● **Your assignment**
Output the full listing below exactly; the images stay out.

● **Material provided**
==*==

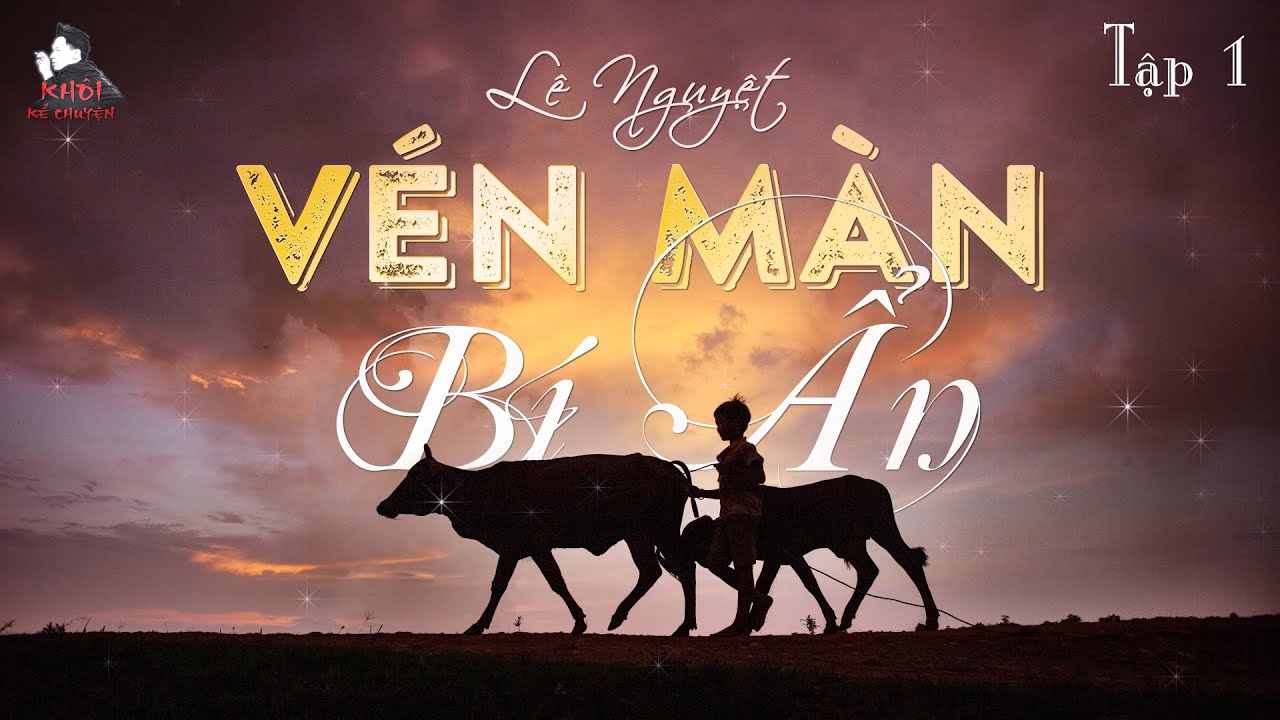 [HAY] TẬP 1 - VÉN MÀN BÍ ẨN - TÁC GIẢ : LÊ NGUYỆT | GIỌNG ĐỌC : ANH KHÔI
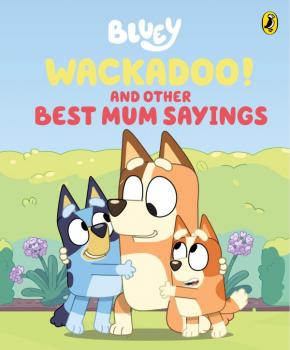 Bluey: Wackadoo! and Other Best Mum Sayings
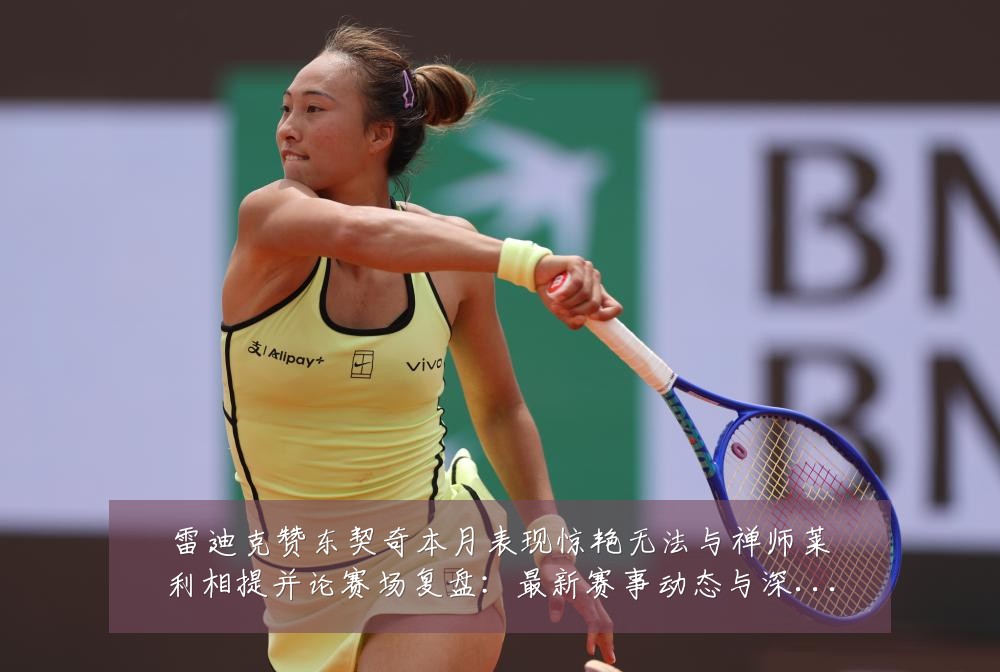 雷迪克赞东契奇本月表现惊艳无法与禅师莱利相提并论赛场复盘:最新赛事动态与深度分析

==*==

● **Solution**
 [HAY] TẬP 1 - VÉN MÀN BÍ ẨN - TÁC GIẢ : LÊ NGUYỆT | GIỌNG ĐỌC : ANH KHÔI
 Bluey: Wackadoo! and Other Best Mum Sayings
 雷迪克赞东契奇本月表现惊艳无法与禅师莱利相提并论赛场复盘:最新赛事动态与深度分析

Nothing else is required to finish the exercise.